----- GIVEN ENTRIES -----
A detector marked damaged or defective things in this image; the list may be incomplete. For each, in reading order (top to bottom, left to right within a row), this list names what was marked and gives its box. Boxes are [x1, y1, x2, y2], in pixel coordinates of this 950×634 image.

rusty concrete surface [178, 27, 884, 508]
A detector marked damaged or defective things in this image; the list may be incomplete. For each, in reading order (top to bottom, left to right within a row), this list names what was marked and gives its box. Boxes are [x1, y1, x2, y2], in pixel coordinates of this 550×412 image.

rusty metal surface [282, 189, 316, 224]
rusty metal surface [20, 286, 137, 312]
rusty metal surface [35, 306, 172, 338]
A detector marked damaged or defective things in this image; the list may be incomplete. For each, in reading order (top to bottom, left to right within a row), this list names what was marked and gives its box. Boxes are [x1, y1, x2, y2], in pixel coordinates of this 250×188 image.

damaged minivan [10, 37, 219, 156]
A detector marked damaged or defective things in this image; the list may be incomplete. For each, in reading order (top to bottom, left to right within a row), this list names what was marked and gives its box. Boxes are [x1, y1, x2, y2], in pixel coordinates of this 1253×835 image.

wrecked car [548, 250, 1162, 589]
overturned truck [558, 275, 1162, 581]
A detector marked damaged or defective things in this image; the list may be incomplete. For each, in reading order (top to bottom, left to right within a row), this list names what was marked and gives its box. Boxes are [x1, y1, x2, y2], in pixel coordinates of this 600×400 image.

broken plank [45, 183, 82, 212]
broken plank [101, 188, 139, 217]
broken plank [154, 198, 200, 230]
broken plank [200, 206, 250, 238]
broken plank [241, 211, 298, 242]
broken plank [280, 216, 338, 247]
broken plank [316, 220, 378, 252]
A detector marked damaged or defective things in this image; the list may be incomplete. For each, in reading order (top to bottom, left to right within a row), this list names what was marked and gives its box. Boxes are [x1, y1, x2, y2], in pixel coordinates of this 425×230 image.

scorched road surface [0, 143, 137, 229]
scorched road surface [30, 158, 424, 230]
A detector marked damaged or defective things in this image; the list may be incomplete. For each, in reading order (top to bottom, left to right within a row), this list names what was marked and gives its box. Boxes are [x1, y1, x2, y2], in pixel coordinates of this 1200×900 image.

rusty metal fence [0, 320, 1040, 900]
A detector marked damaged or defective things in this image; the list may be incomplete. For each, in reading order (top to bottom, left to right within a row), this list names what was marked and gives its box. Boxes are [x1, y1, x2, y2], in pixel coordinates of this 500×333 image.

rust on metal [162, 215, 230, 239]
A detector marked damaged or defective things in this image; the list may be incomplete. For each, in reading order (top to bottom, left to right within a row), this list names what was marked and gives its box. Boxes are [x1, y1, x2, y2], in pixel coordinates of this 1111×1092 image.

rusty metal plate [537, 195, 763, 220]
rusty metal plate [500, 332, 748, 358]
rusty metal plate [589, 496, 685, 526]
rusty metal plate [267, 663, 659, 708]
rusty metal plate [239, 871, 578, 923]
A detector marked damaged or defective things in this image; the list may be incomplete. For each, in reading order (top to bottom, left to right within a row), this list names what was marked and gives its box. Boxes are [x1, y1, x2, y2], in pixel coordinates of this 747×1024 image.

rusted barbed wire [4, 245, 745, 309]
-----
* EXERCISE INSTRUCTIONS *
Please write out, exactly as they appear, only the lines from the one holding "this 747×1024 image." through the end of the data.

* RESPONSE TO THIS TASK *
A detector marked damaged or defective things in this image; the list may be incomplete. For each, in reading order (top to bottom, left to right within a row), this list names what was marked and gives its box. Boxes are [x1, y1, x2, y2], in pixel coordinates of this 747×1024 image.

rusted barbed wire [4, 245, 745, 309]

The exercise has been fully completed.